A Tongue Called Mother

Eine Zunge, die wir Mutter nennen?
(von Lisa-Maria Nitzschke)

Kinder
Kinder in der Schule
Das Klassenzimmer ist mit grünen Fliesen bestückt
Es schaut altmodisch aus

Bei meiner Tätigkeit als Lehrerin in einer Montessori-Schule war fast alles aus Holz. Einladend wie ein Baumhaus war das Klassenzimmer. Wir konnten es über eine enge braune Wendeltreppe erklimmen. Auch dort haben die Kinder Französisch gesprochen. Ihre Muttersprache.

Worte
Französische Worte auf der Schultafel
Sie leiten uns durch Bilder und Szenerien, stellen uns einer Familie vor

Muttersprache ist eigentlich ein seltsames Wort. Es ist so stark gegendert.

Sind es etwa nur die Mütter, die die erste Sprache lehren? Ausgeschlossen. Zumindest bilingual erzogene Kinder dürfen das Privileg der Vatersprache genießen. Was ist mit der Großelternsprache? Oder Bindungspersonensprache?

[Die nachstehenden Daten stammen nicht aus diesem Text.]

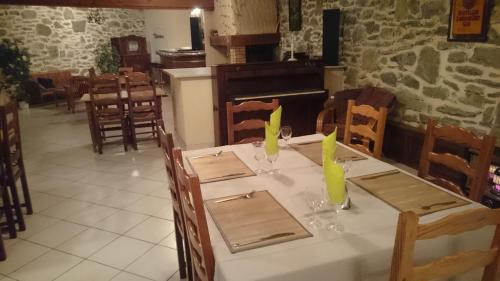 Restorāns, Domaine Saint Andrieu in Ladern-sur-Lauquet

Die Buchstaben sind so filigran gezeichnet
Sie platzieren sich akkurat zwischen den drei Orientierungslinien wie die Kinder auf den Schulbänken im Klassenzimmer
A tongue called mother
Eine Zunge, die Mutter heißt

Es ist lustig. Die einzigen Worte im Film, die in englischer Sprache an die Tafel geschrieben sind: A tongue called mother,
la langue maternelle.

Der Klang der französischen Worte ist gebrochen und trotzdem
Wunderschön
Sie fordern uns auf, fordern uns heraus:
Regarde! Ecoute!

Wie schwierig doch die Muttersprache beim Erlernen sein kann. Sie stellt Beinchen, lässt die Zunge krümmen und sich verbiegen. Es ist ein Kraftakt sie zu entziffern, sie zu lesen. In der mir vertrauten Grundschule in Frankreich waren ähnlich gebrochene Klänge im Klassenzimmer hörbar. Die Kinder waren neugierig und wissbegierig. Auch ich war wieder Kind und lernte ihre Muttersprache mit bebilderten Büchern und im gebrochenen Dialog.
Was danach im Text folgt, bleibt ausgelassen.